For the purposes of this operator, an operand value is considered logically "false" if it's nil or 0, or logically "true" if it's any other value or type. Given this, the truth table for the operator is as follows:

aba && b
"false""false"nil
"false""true"nil
"true""false"nil
"true""true"true

This is a "short-circuit" operator. This means that it stops evaluating its operands as soon as it knows the outcome. The operator always evaluates its left operand first. If the left operand is "false" (as defined above), the operator immediately knows that its overall result will be nil, without even looking at the second operand - if the first operand is "false," it doesn't matter what the second operand is, because the result will be nil in any case. This is where the short-circuit behavior comes in: since the operator already knows the result will be nil, it simply stops there and yields its value, without ever having evaluated the second operand. This is important if the second operand has side effects, because it means that the side effects will never be triggered if the first operand evaluates to "false." On the other hand, if the first operand evaluates to "true," then the operator must proceed to evaluate the second operand - thereby triggering its side effects - in order to determine the outcome.

Example:

local a = 0;
local b = 1;
local c = (a != 0 && b++ == 17);

After running the code above, the value of b will be 1. Look at that carefully: that b++ is never executed, because the && operator short-circuits that part of the expression - it never bothers to evaluate the b++, because it can see that the overall AND expression will be nil just by evaluating the a != 0 part.

||

This operator computes the logical OR of its operands.

For the purposes of this operator, an operand value is considered logically "false" if it's nil or 0, or logically "true" if it's any other value or type. Given this, the truth table for the operator is as follows:

aba || b
"false""false"nil
"false""true"true
"true""false"true
"true""true"true

As with &&, this is a "short-circuit" operator - see the description of && for details. In the case of ||, the operator stops after evaluating the first operand if the first operand value is "true" - since the result will necessarily be true in this case, regardless of the value of the second operand, the operator bypasses the evaluation of the second operand entirely.

Example:

local a = 0;
local b = 1;
local c = (a == 0 || b++ == 17);

After running the code above, the value of b will be 1 - the b++ evaluation is skipped because the || operator can tell that its result will be true as soon as it evaluates the first operand, a == 0.

??

This operator tests a value to see if it's nil, and yields a second value if so. It takes two operands:

a ?? b

If a is any value other than nil, the result is a. If a is nil, the result is b. The operator evaluates a exactly once, and it evaluates b only if a is nil.

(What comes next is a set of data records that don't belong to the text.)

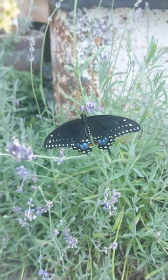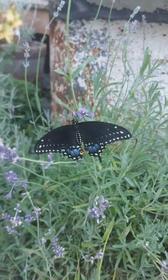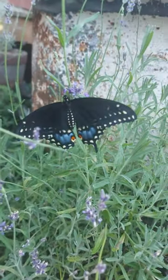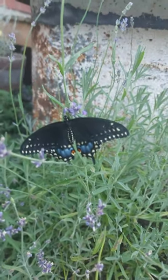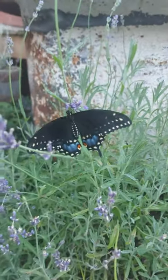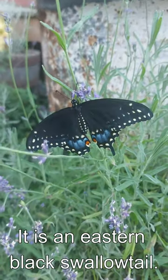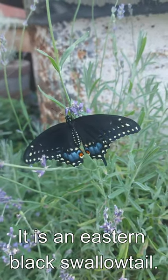I found this really cool swallowtail looking butterfly in my mom's garden. It's got these awesome red eye spots on the back with a beautiful tinge of blue, a bunch of yellow spots, and you can kind of see the little tassel swallowtail things on the end. I don't know exactly the species, but it's a very cool looking butterfly — I thought I would share it with you guys.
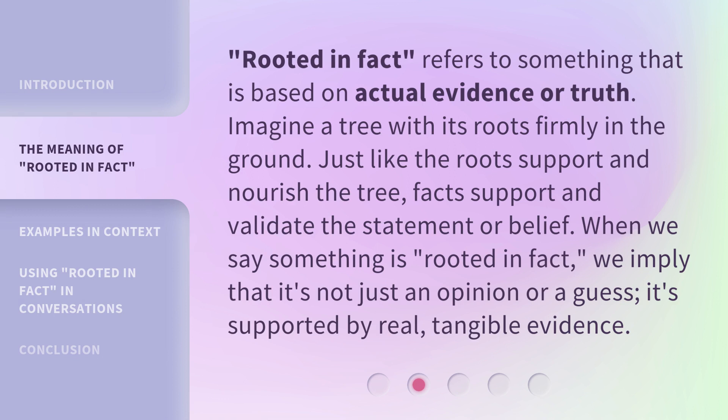'Rooted in Fact' refers to something that is based on actual evidence or truth. Imagine a tree with its roots firmly in the ground. Just like the roots support and nourish the tree, facts support and validate the statement or belief. When we say something is 'rooted in fact,' we imply that it's not just an opinion or a guess — it's supported by real, tangible evidence.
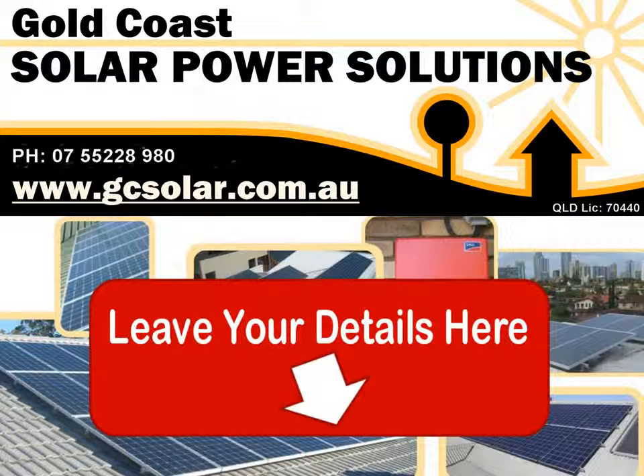For more information and to organise your free, no obligation site inspection, leave your details in the form below this video and we'll be in touch as soon as possible. Thank you.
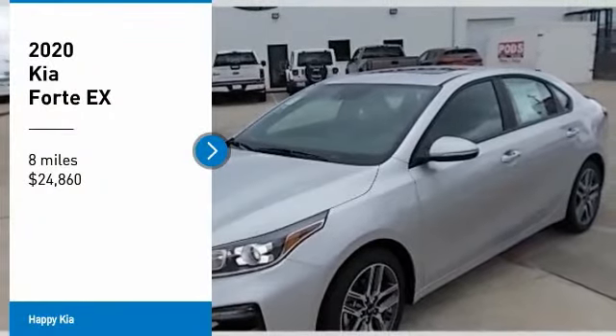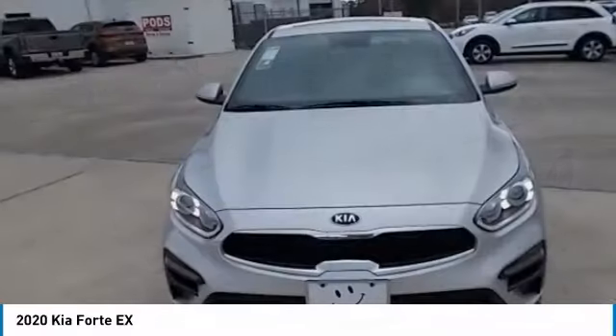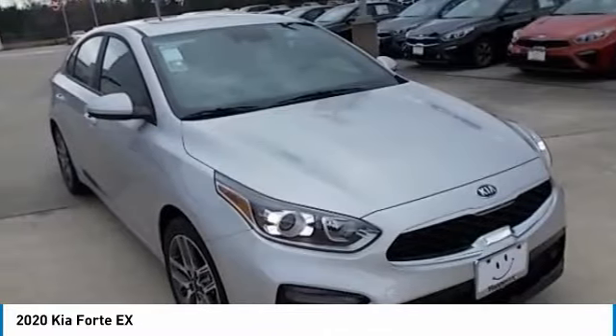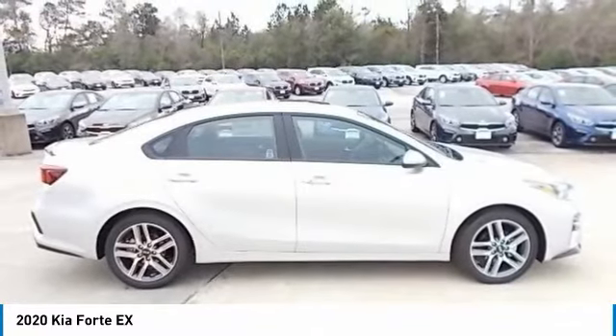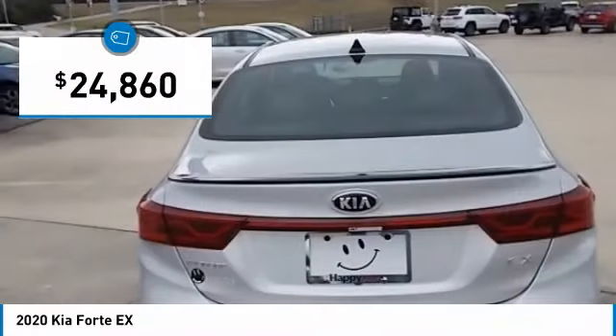Looking for the right vehicle? Check out the 2020 Forte. If you're looking for a trendy and feature-laden compact sedan, the Kia Forte is for you. It offers an exceptional combination of innovative design, high-quality engineering, and outstanding value, and is priced below $25,000.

One way to read this operator verbally is "a else b".

?? is concise and efficient for the common situation where you want to substitute a suitable default value if another value is nil. This comes up a lot with function and method arguments, return values from functions you call, and property values you're using that were originally assigned by other parts of the code.

For example, suppose the property location gives an object's container, and nil means that the object isn't currently in any location. Now suppose we have some code that wants to check if an object's location is lit. If we just wrote obj.location.isLit, we'd trigger a run-time error when the location is nil, since it's an error to get a property of nil. The traditional way to handle this is an if test:

local lit;
if (obj.location == nil)
   lit = nil;
else
   lib = obj.location.isLit;

We can simplify this with the ?? operator:

local lit = (obj.location ?? limbo).isLit;

If obj.location is a valid object, the ?? operator yields that object as the result, so we take its isLit property. If the location is nil, though, the ?? operator returns the right operand, limbo, which we've defined separately as an object representing where objects go when they're not in play. Since limbo is an ordinary object, the property evaluation succeeds without triggering an error.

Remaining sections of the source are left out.